FIG. 16 is a diagram illustrating an example of a method for calculating a removal period based on change points;

FIG. 17 is a diagram illustrating an example of a method for preparing window data;

FIG. 18 is a diagram illustrating an example of acceleration data;

FIG. 19 is a diagram illustrating an example of an identification boundary;

FIG. 20 is a diagram illustrating an example of health care support service;

FIG. 21 is a diagram illustrating an example of health care support service;

FIG. 22 is a diagram illustrating an example of heart rate data;

FIG. 23 is a diagram illustrating an example of acceleration data;

FIG. 24 is a diagram illustrating an example of a correlation table between the heart rate, the number of times of eating actions, and the exercise period;

FIG. 25 is a diagram illustrating an example of removing the noise heart rate;

FIG. 26 is a diagram illustrating an example of a result of extraction of window data;

FIG. 27 is a diagram illustrating an example of window data;

FIG. 28 is a diagram illustrating an example of a method for determining the pre-meal heart rate;

FIG. 29 is a diagram illustrating an example of a process of calculating the feature quantities;

FIG. 30 is a diagram illustrating an example of window data;

FIG. 31 is a diagram illustrating an example of the process of calculating the feature quantities;

FIG. 32 is a diagram illustrating an example of the process of calculating the feature quantities;

FIG. 33 is a diagram illustrating an example of the process of calculating the feature quantities;

FIG. 34 is a diagram illustrating an example of an approximation error;

FIG. 35 is a diagram illustrating an example of the process of calculating the feature quantities;

FIG. 36 is a diagram illustrating an example of an observation feature quantity list;

FIG. 37 is a diagram illustrating an example of an eating action number-of-times list;

FIG. 38 is a diagram illustrating an example of teacher data;

FIG. 39 is a diagram illustrating an example of a meal estimation model;

FIG. 40 is a diagram illustrating an example of a result of estimation of presence of meal;

FIG. 41 is a diagram illustrating an example of meal determination using the eating action number-of-times list;

FIG. 42 is a flowchart illustrating a process of the whole flow according to the first embodiment;

FIG. 43 is a flowchart illustrating a calculation processing process of the feature quantities (1);

FIG. 44 is a flowchart illustrating a calculation processing process of the feature quantities (2);

FIG. 45 is a flowchart illustrating a calculation processing process of the feature quantities (3);

FIG. 46 is a flowchart illustrating a calculation processing process of the feature quantities (4);

FIG. 47 is a flowchart illustrating a calculation processing process of the feature quantities (5); and

FIG. 48 is a diagram illustrating an example of a hardware configuration of a computer executing the meal estimation program according to the first embodiment and a second embodiment.

DESCRIPTION OF EMBODIMENTS

The following is explanation of a meal estimation program, a meal estimation method, and a meal estimation apparatus according to the present application with reference to attached drawings.

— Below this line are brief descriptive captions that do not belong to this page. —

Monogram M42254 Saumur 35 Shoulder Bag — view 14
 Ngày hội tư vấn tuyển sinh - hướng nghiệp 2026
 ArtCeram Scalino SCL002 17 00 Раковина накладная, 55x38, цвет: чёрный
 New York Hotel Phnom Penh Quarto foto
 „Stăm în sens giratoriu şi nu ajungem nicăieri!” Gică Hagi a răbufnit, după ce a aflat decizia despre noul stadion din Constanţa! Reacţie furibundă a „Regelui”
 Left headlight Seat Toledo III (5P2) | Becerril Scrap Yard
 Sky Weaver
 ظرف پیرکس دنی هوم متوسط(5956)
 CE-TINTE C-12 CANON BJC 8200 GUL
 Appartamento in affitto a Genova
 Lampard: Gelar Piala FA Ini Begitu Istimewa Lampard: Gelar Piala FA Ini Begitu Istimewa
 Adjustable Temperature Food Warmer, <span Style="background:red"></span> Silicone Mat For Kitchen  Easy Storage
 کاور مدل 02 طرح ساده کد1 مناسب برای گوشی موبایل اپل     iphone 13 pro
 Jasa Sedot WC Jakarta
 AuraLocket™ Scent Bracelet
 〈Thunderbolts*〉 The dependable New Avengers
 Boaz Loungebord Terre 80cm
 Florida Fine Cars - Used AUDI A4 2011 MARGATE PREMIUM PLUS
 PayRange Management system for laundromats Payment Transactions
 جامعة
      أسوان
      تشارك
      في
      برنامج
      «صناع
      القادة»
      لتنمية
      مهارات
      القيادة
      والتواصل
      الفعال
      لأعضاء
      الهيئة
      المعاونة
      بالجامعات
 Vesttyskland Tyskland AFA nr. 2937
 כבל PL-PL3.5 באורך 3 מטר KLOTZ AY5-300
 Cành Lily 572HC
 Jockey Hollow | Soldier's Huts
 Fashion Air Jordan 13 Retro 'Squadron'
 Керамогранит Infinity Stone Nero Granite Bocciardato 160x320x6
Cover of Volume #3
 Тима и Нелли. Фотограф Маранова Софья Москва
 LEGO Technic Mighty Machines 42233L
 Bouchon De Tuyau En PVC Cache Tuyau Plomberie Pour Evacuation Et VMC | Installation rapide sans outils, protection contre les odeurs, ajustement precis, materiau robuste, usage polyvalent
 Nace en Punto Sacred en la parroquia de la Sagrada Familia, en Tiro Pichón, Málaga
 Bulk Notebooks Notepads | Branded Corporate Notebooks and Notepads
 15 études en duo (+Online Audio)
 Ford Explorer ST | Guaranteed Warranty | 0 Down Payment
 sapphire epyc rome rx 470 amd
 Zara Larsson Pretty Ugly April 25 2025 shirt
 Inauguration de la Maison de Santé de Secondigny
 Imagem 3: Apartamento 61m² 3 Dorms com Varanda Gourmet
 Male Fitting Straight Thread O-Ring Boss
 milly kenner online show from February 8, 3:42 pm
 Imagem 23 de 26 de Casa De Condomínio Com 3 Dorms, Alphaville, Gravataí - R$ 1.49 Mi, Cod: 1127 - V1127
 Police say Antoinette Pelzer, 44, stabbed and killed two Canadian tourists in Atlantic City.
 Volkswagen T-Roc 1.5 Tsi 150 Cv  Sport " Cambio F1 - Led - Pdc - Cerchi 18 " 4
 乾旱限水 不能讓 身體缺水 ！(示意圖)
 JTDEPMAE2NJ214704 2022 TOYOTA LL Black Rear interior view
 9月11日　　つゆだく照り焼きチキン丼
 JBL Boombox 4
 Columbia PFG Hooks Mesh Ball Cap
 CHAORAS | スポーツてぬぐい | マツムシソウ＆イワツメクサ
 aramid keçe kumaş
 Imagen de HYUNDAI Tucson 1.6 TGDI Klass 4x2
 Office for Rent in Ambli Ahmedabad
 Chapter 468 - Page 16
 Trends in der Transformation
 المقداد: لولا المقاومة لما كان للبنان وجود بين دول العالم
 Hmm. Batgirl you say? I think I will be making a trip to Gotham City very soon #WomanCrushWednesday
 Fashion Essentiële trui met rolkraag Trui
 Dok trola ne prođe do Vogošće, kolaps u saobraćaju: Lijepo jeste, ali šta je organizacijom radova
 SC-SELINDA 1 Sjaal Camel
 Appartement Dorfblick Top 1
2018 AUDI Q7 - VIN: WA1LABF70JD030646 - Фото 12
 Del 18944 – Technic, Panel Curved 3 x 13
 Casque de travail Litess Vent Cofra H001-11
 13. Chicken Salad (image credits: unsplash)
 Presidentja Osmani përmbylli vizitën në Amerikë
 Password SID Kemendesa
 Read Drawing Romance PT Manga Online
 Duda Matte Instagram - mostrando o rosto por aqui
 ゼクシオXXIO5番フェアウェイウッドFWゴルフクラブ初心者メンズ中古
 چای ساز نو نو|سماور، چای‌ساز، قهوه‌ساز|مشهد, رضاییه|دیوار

The embodiments do not limit the disclosed technique. In addition, the embodiments may be properly combined within a scope not causing contradiction between the processing details.

First Embodiment

System Configuration

FIG. 1 is a diagram illustrating a configuration of a health care support system according to a first embodiment. The health care support system 1 illustrated in FIG. 1 provides various health care support services. For example, examples of the health care support services include a service of recording the life action, such as the meal time, of the user of a sensor terminal 10 using sensing data collected with the sensor terminal 10, and a derivative service using the record.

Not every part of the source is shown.